> Exercise aim
For this exercise, reproduce the records exactly as they stand and do not carry any images over.

::::::

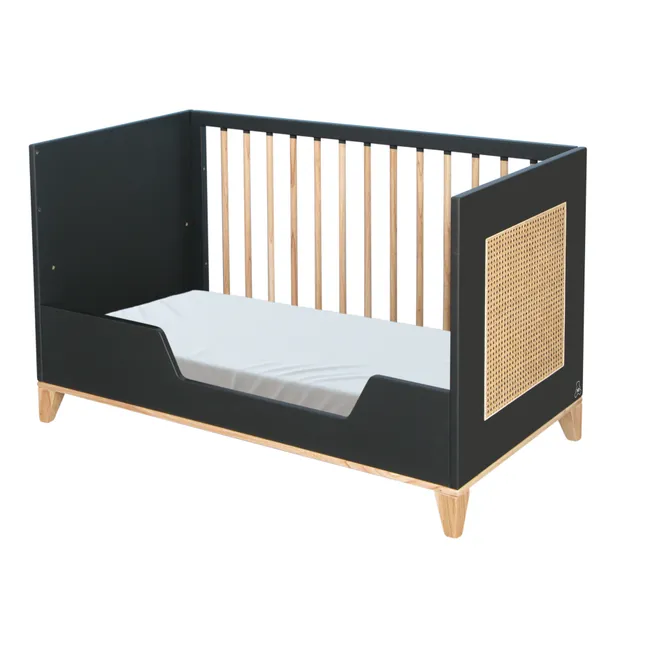 Babybett Nami 60x120 cm | Schwarz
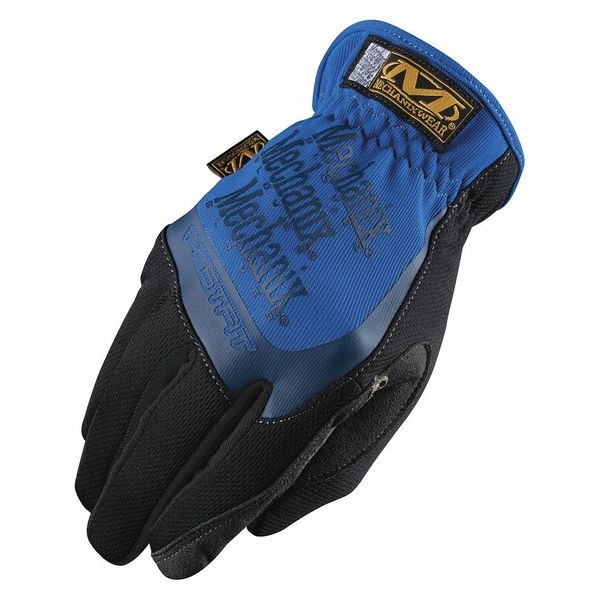 Mechanix Wear FastFit(R) Mechanics Gloves, Synthetic Leather Palm, TrekDryÂ® Back, 11, Blue - MFF-03-011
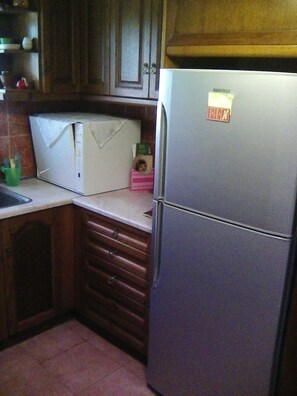 Superior-Ferienhaus, 1 Schlafzimmer, Blick auf den Weinberg | Eigene Küche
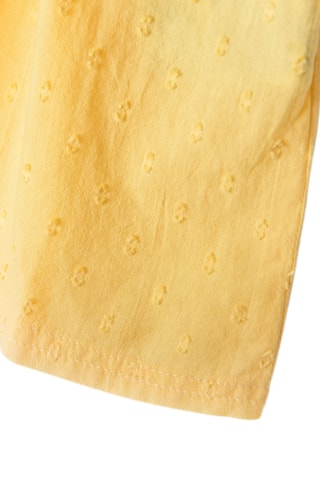 Robe en broderie anglaise Jaune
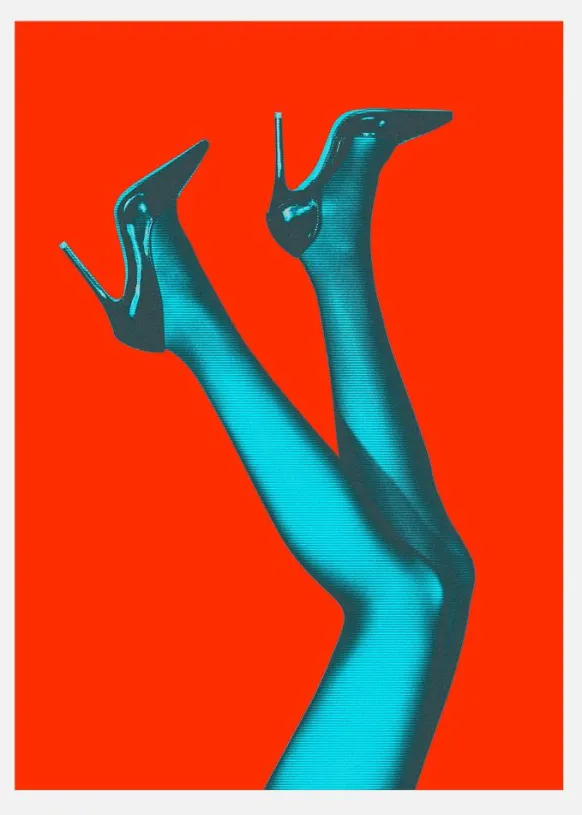 Kick Up Your Heels Canvastavla (30x40 cm)
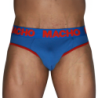 MACHO - MCH005 CLÁSICO DESLIZANTE AZUL + ROJO XL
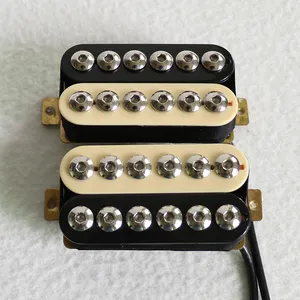 1 세트 브릿지 및 넥 침략 스타일 전기 guitarhumbucker 픽업 판매 기타 부품 교체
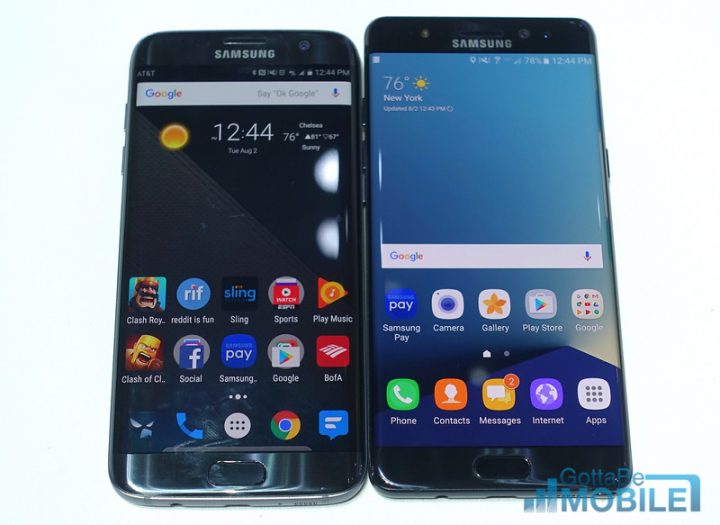 Galaxy S7 Edge vs Note 7: Display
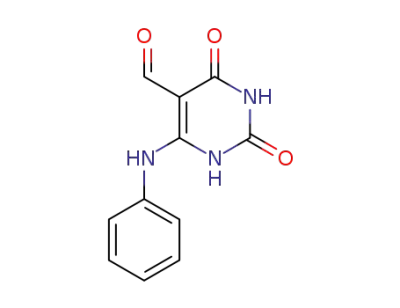 2,4-dioxo-6-phenylamino-1,2,3,4-tetrahydro-pyrimidine-5-carbaldehyde
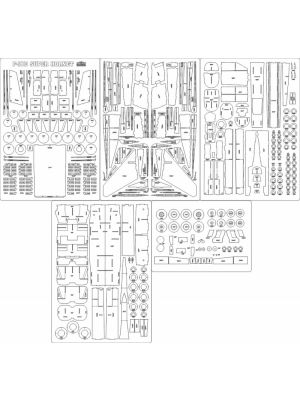 Lasercutsatz Spanten für F/A-18 E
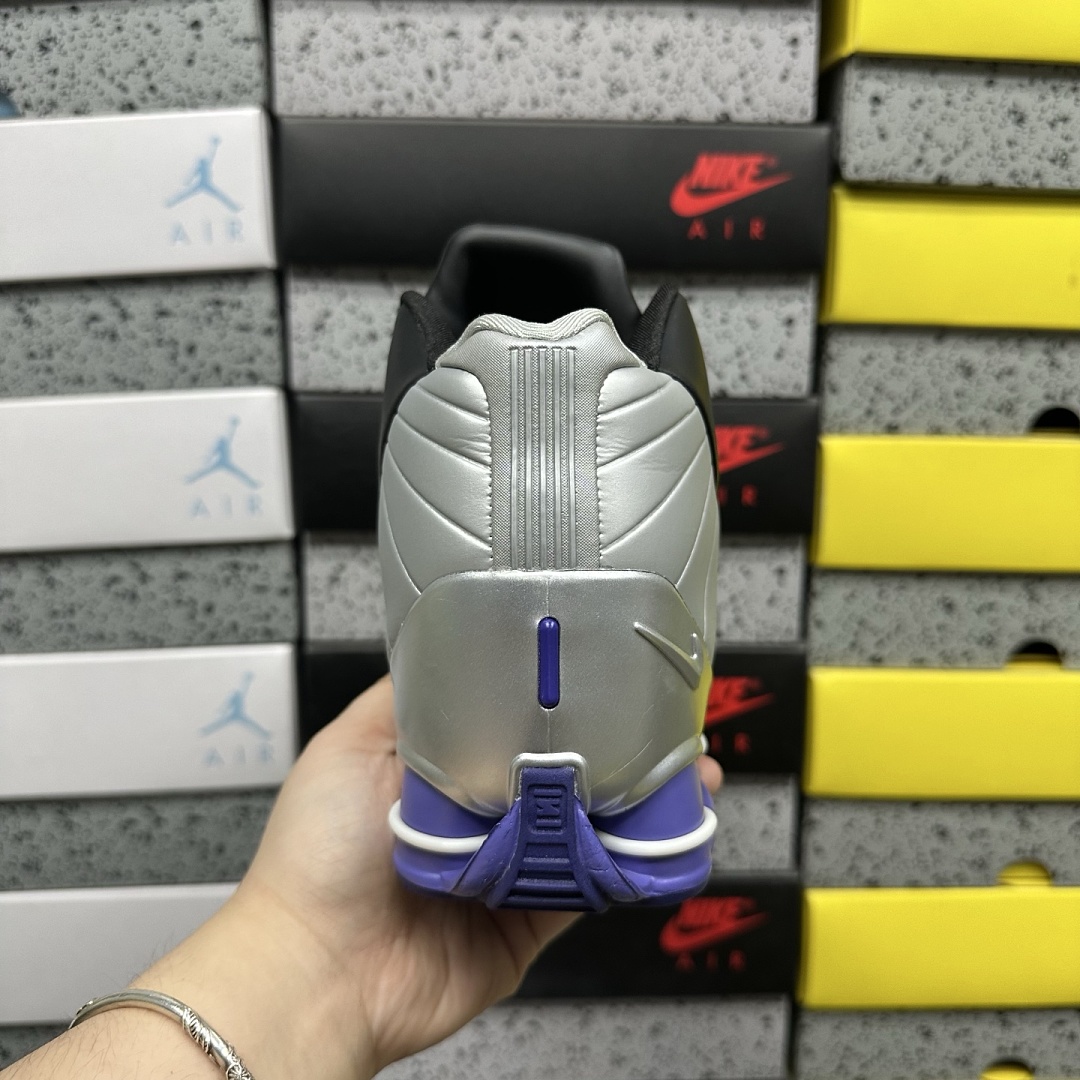 Nike Shox BB4 Black Silver Lapis - Image 6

::::::

> Output below
 Babybett Nami 60x120 cm | Schwarz
 Mechanix Wear FastFit(R) Mechanics Gloves, Synthetic Leather Palm, TrekDryÂ® Back, 11, Blue - MFF-03-011
 Superior-Ferienhaus, 1 Schlafzimmer, Blick auf den Weinberg | Eigene Küche
 Robe en broderie anglaise Jaune
 Kick Up Your Heels Canvastavla (30x40 cm)
 MACHO - MCH005 CLÁSICO DESLIZANTE AZUL + ROJO XL
 1 세트 브릿지 및 넥 침략 스타일 전기 guitarhumbucker 픽업 판매 기타 부품 교체
 Galaxy S7 Edge vs Note 7: Display
 2,4-dioxo-6-phenylamino-1,2,3,4-tetrahydro-pyrimidine-5-carbaldehyde
 Lasercutsatz Spanten für F/A-18 E
 Nike Shox BB4 Black Silver Lapis - Image 6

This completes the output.